O mundo real se revela cada vez menos interessante ao indivíduo contemporâneo. Nos ônibus, nas academias, nas salas de espera ou nos encontros religiosos, esqueça as cantadas de praxe, pois ninguém terá olhos para você, preocupados que estarão em atualizar seus perfis.

Certa vez, em Sampa, numa cantina, desfrutava um desses pratos que te fazem babar só de pensar, e me divertia com minha mulher, celebrando o gastronômico instante ao tilintar de umas boas taças de vinho. De momento, percebi que, mesmo em meio a uma atmosfera romântica e aconchegante, havia casais entregues aos seus apetrechos eletro-digitais, divulgando a felicidade rede afora, a todo instante, a noite toda, sem parar... Não conversavam entre si; estavam muito ocupados para isso! Sem falar das crianças, alvos primordiais, totalmente alheias a tudo o que fosse real, vidradas em joguinhos irritantes, sempre em dolbysurround. Crianças que não sabem observar a realidade: o porvir promete fortes emoções!

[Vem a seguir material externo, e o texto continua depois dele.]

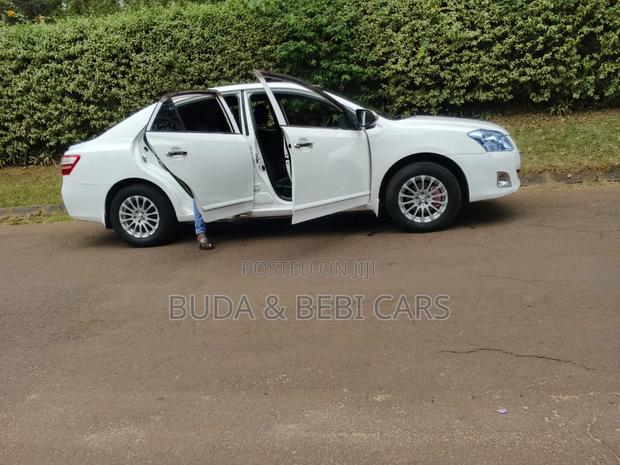 Toyota Premio 2014 Off white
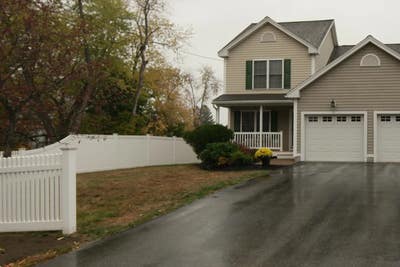 ISO Roommate for Large Finished Basement Room Main Photo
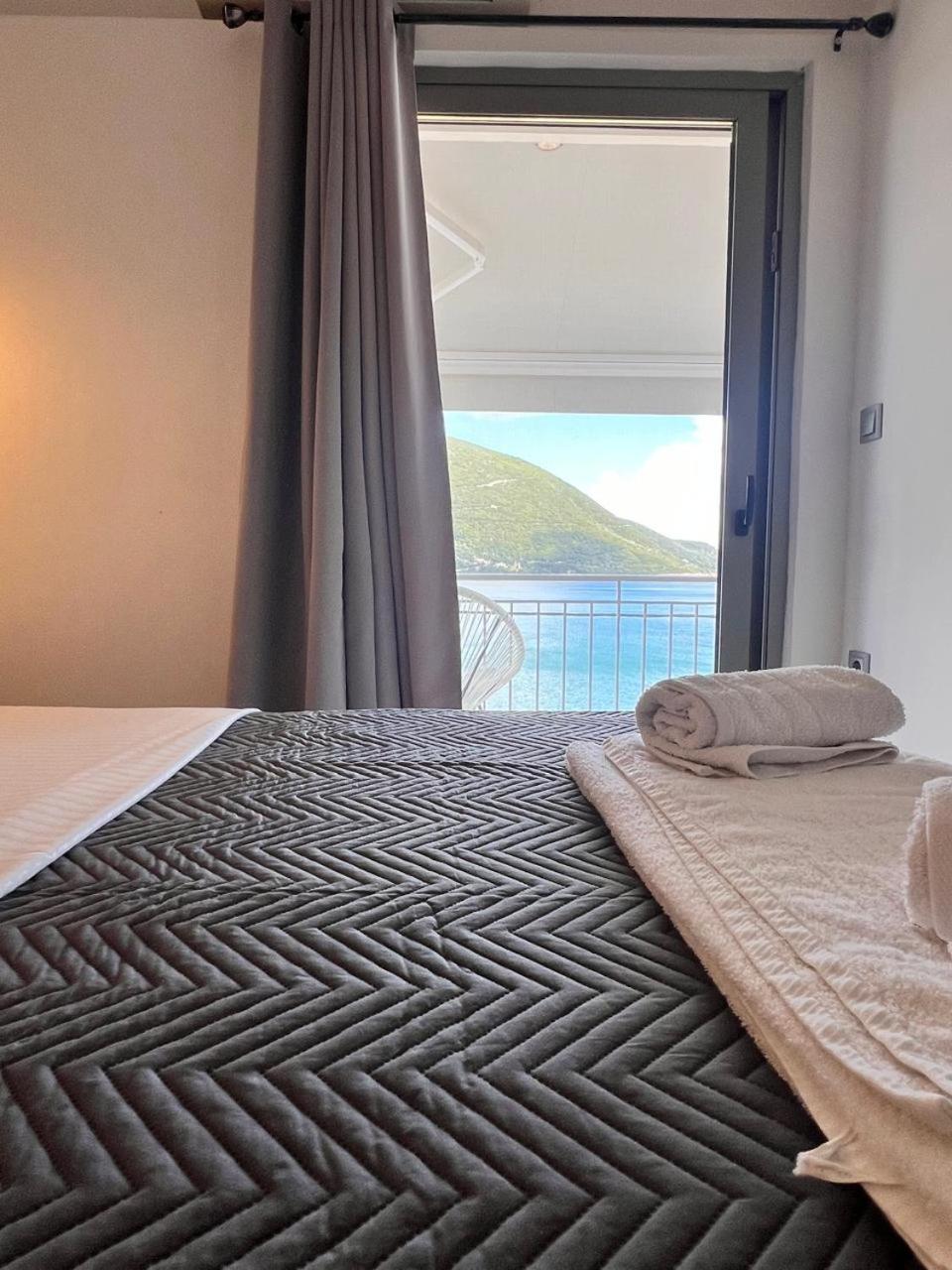 Ponti Bay Apartments Vaszilikí Kültér fotó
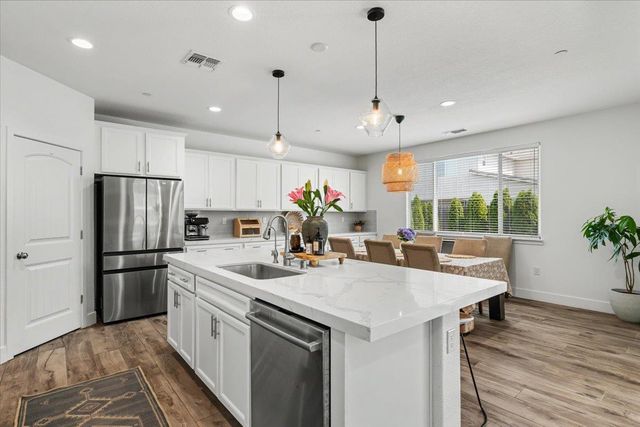 1674 Carrara Ln, Ripon, CA 95366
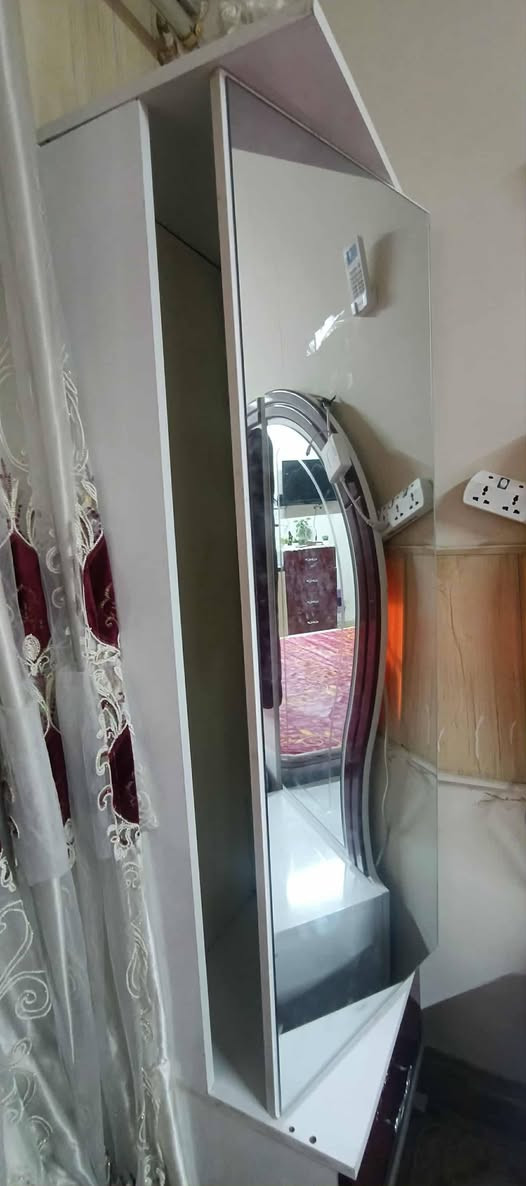 غرفة نوم كاملة للبيع
للتواصل ***********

Em ambientes e momentos dos mais improváveis, vê-se toda a gente aderindo sem contestação à sugestão do fabricante, plugadas full-time, como se a satisfação existencial de cada um dependesse da reiterada aprovação de seus avatares on-line. Nessa toada, uma operadora promete uma vida de constante diversão, “sem ter de se preocupar com mais nada”!...  E por acaso, nosso objetivo, individualmente, é passar o maior tempo possível alienado, exibindo nosso ego, como seres infantiloides eternamente presos à puberdade? Não lhes parece um conceito muito tosco de civilização?

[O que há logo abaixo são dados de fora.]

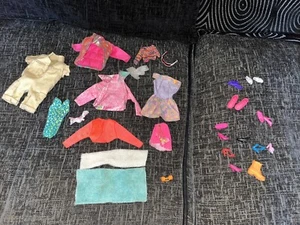 Vintage Barbie Clothes And Shoes 4 Pairs Shoes Dress Jacket Etc - Picture 1 of 8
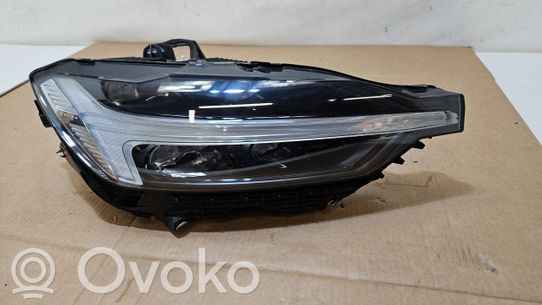 Volvo XC60 Priekinis žibintas 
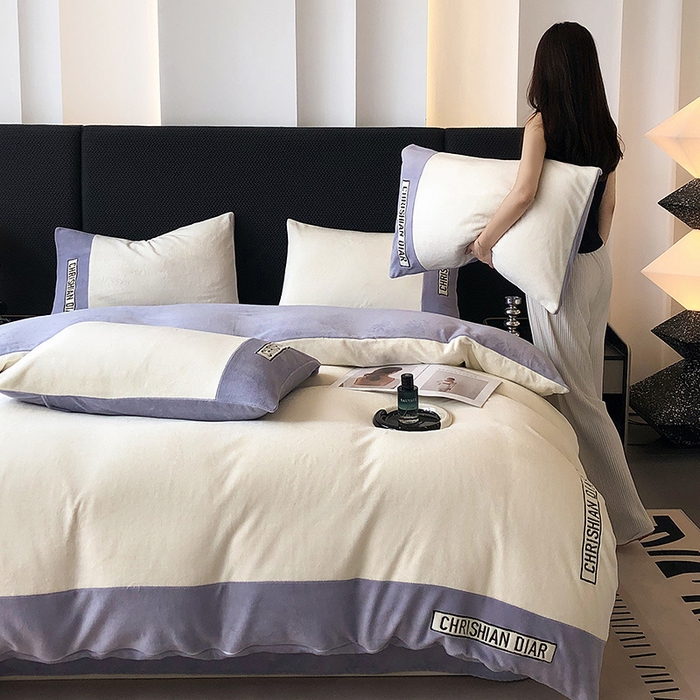 91家纺网 家纺一手货源 找家纺 懒猫家纺 2025新款刺绣牛奶绒四件套-妮可 奶油-紫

Adotamos paulatinamente a tecnologia como ponto de partida e chegada das relações humanas. É como se um aparelho de última geração nos tornasse, inexoravelmente, famosos, queridos, admirados, desejados, sexies, invejados, comunicativos e, sobretudo, felizes (além de especialistas em fotos e vídeos de aventuras radicais). Mesmo não fazendo o menor sentido, os cidadãos deste século parecem acreditar nessa bazófia. Do contrário, por que alguém satisfeito com sua vida perderia tanto tempo preocupado em saber o que estão pensando dela, dando conta do que faz ou deixa de fazer, do que come, do que gosta e do que odeia? Que tipo de sociedade aceita isso como um comportamento normal, que não uma sociedade regida por aparências e carências agudas, atropelada pelo ritmo irreflexivo da atualidade? Como aprofundar-se numa relação verdadeira, se estamos afogados no raso mar do superficialismo existencial?

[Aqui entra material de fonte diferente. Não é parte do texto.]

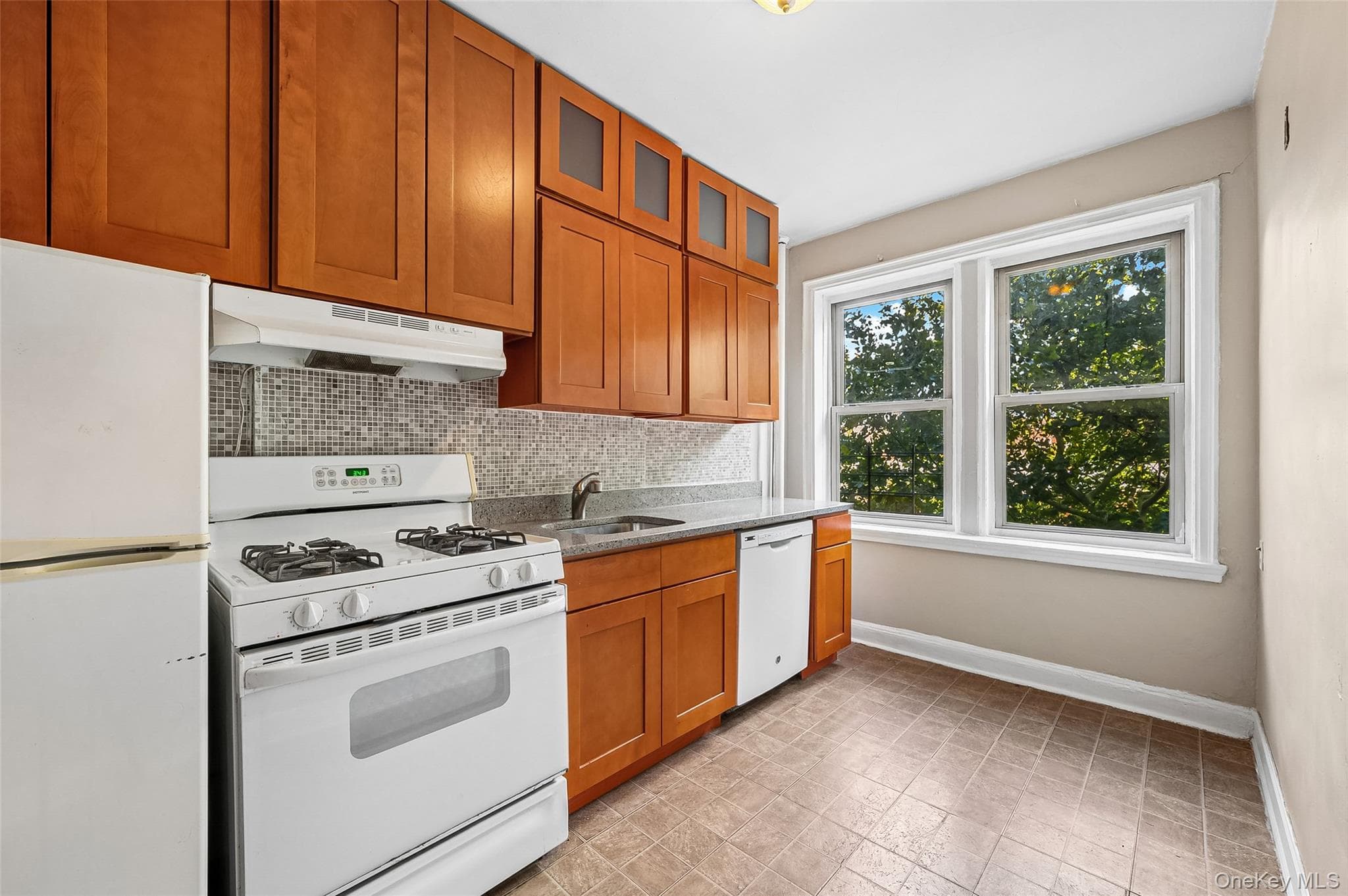 48-42 44th Street Unit: 4J thumbnail 6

Acredito que o ser humano precise de tempo para processar sentimentos, contextos, situações e experiências que, de modo geral, delineiam e alimentam sua existência. Valorizo uma carta há tempos esperada, um artesanato dedicado e uma comida feita com afeto, mesmo que demorada. Não é porque a fibra ótica torna tudo mais rápido que temos de obedecer às necessidades da fibra ótica. Não faz sentido pautarmos nossas relações sociais pela impessoalidade do ritmo de produção que só interessa ao mercado. Afinal, estar atualizado significa comprar um aparelho novo a cada temporada. E viva o esgotamento dos recursos naturais planetários!

Posso “ter o mundo em minhas mãos”, mas para que? Porque, pensando bem, não quero estar eternamente plugado a nada; nem me comunicar do espaço com a Terra; ser bisbilhotado, monitorado, espionado ou classificado; dar satisfação de onde fui, com quem fui e do que fiz (nem para a minha mulher, imagine para a CIA!); ter de baixar “aplicativos grátis” para me expressar em programas de televisão, portais da internets e blogs do mundo inteiro; e, muito menos, assistir “meu programa de TV predileto, a qualquer hora, em qualquer lugar”. Enfim, não quero que um software tome conta da minha vida, intrometendo-se em meu cotidiano, por meio de gemidos, miados ou assovios, desviando e superficializando minha atenção, enquanto minha mente poderia estar obtendo e processando conhecimentos verdadeiramente orgânicos.

Quanto mais rápido o gado é tocado, menos ele reflete sobre seu destino, no matadouro. O que me lembra essa gente esbaforida que se atropela por  um simples computador, para concluir que definitivamente meus pais não me educaram para este mundo; eles jamais imaginaram que a vida fosse se tornar tão irracional.